## REQUIREMENT
Set down exactly the lines running from the one with "家用挂衣架落地门口金属衣帽架架子多功能置物出租房网红衣柜" to the last line of the listing below, both included, and skip every picture.

## MATERIAL FOR THE TASK
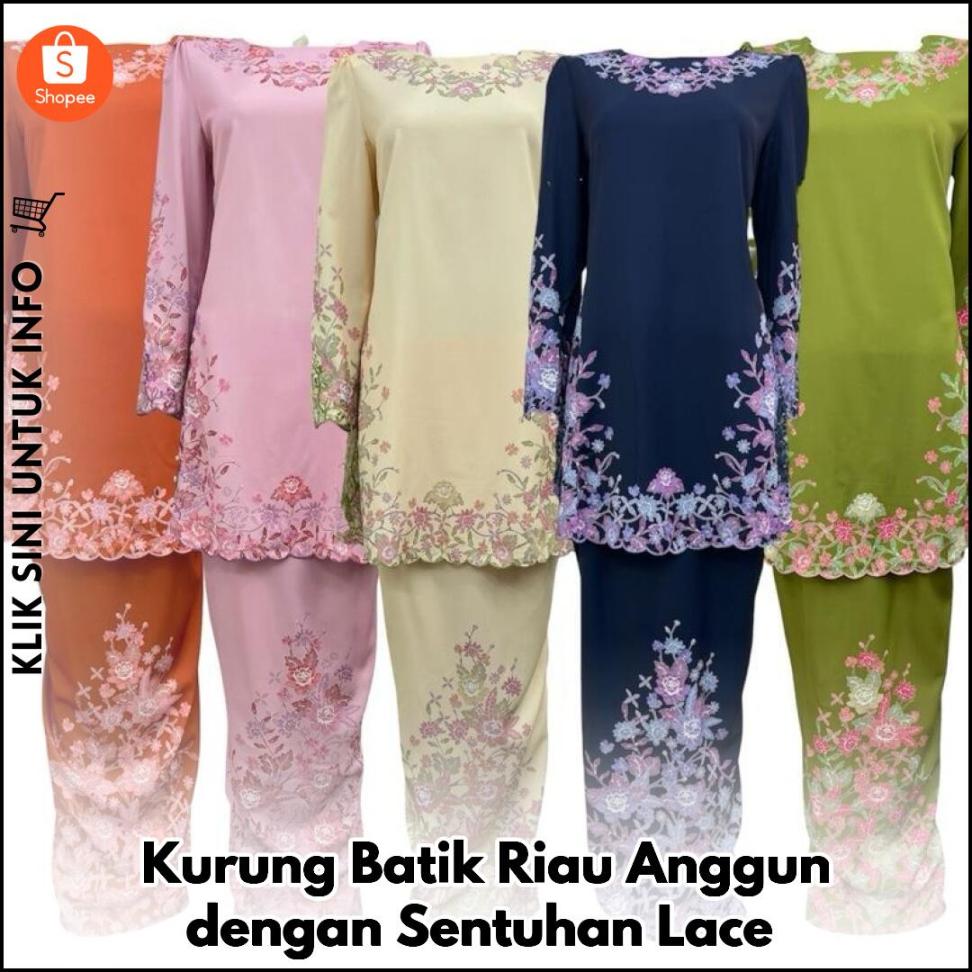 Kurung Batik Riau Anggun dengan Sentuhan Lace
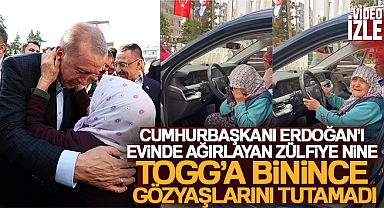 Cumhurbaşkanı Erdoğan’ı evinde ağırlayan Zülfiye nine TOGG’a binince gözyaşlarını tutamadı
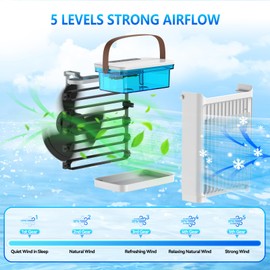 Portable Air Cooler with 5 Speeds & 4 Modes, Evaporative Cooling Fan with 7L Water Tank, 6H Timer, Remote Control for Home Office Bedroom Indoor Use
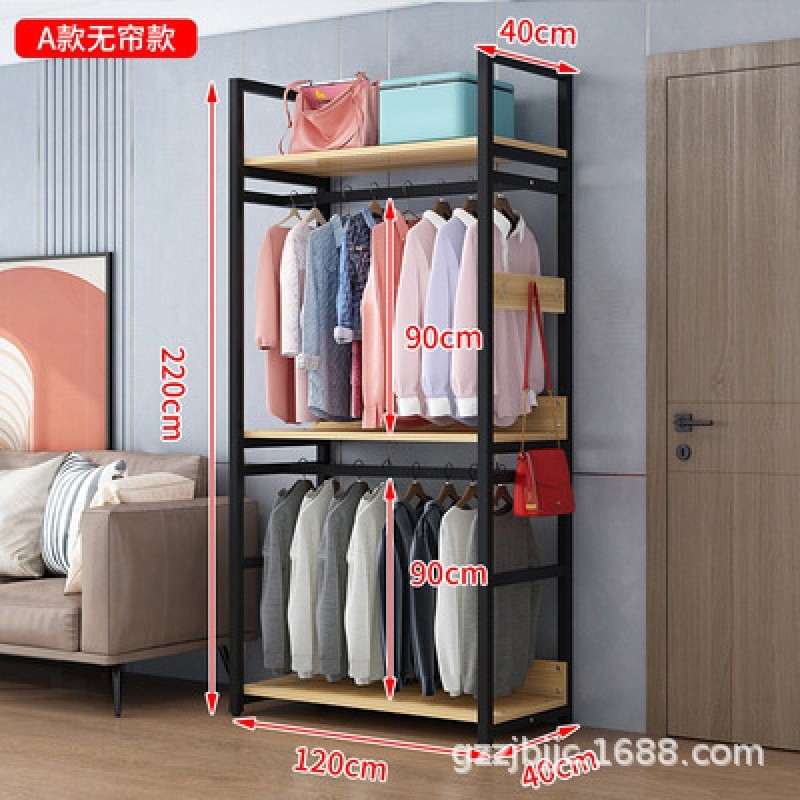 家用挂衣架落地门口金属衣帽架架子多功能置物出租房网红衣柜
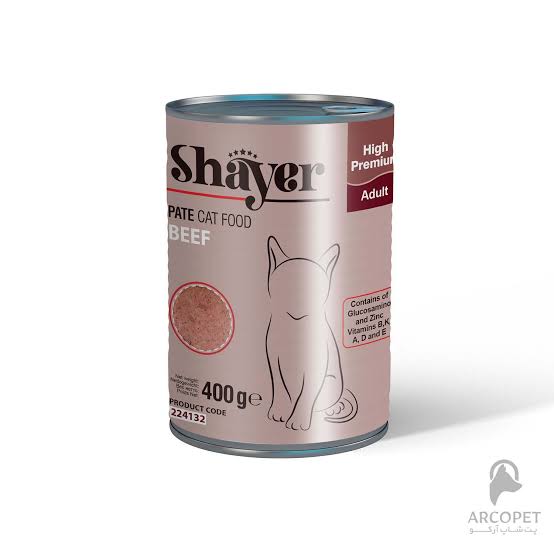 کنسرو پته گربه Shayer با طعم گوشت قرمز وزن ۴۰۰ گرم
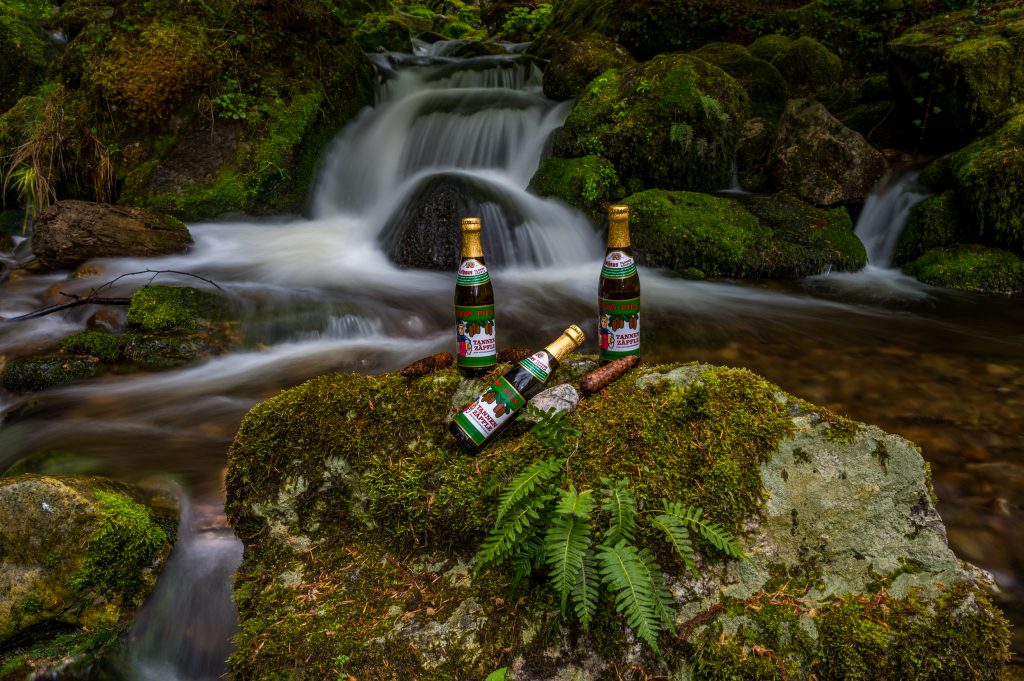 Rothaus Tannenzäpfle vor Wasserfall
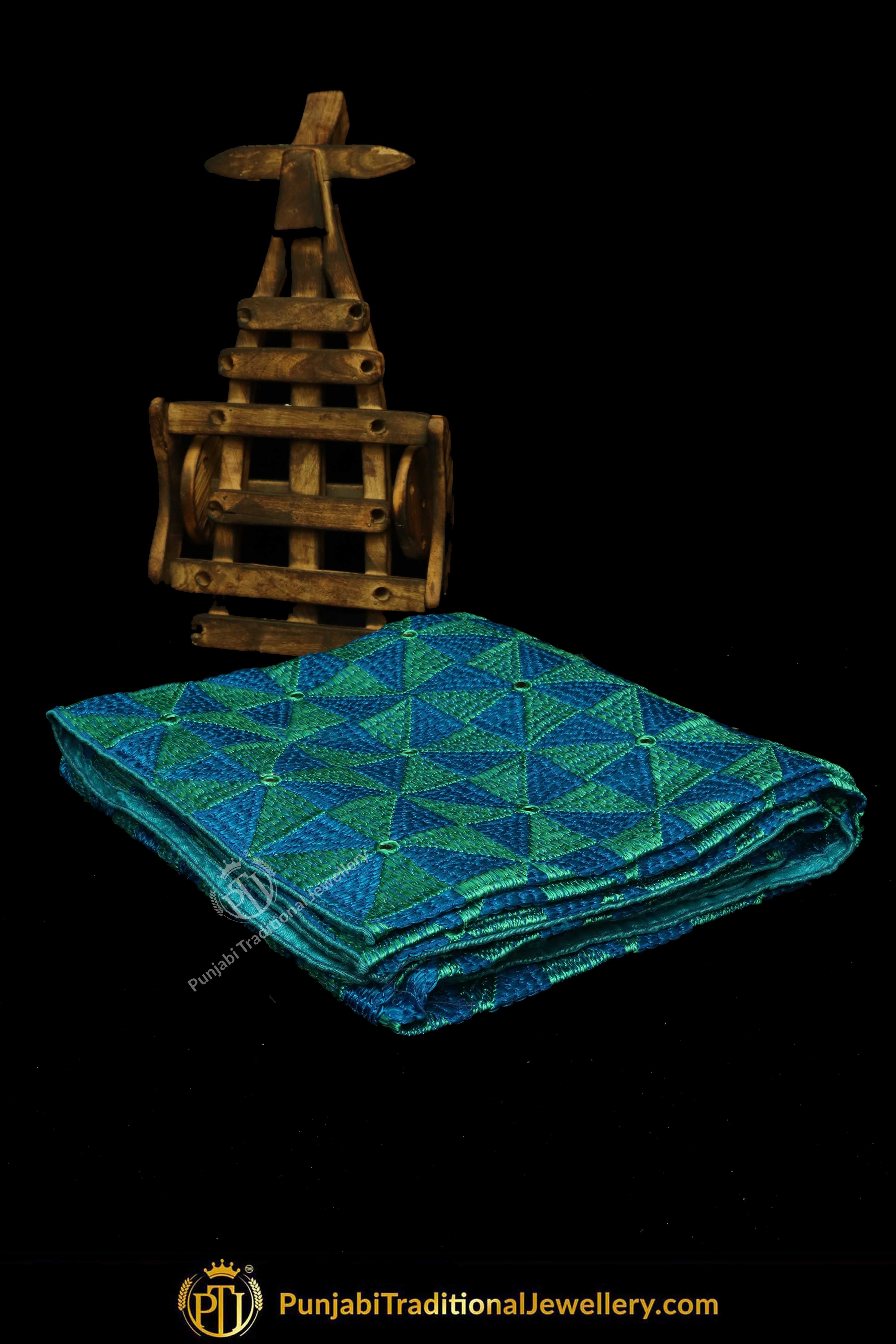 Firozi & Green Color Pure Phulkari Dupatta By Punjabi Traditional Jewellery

## RESPONSE BELOW
 家用挂衣架落地门口金属衣帽架架子多功能置物出租房网红衣柜
 کنسرو پته گربه Shayer با طعم گوشت قرمز وزن ۴۰۰ گرم
 Rothaus Tannenzäpfle vor Wasserfall
 Firozi & Green Color Pure Phulkari Dupatta By Punjabi Traditional Jewellery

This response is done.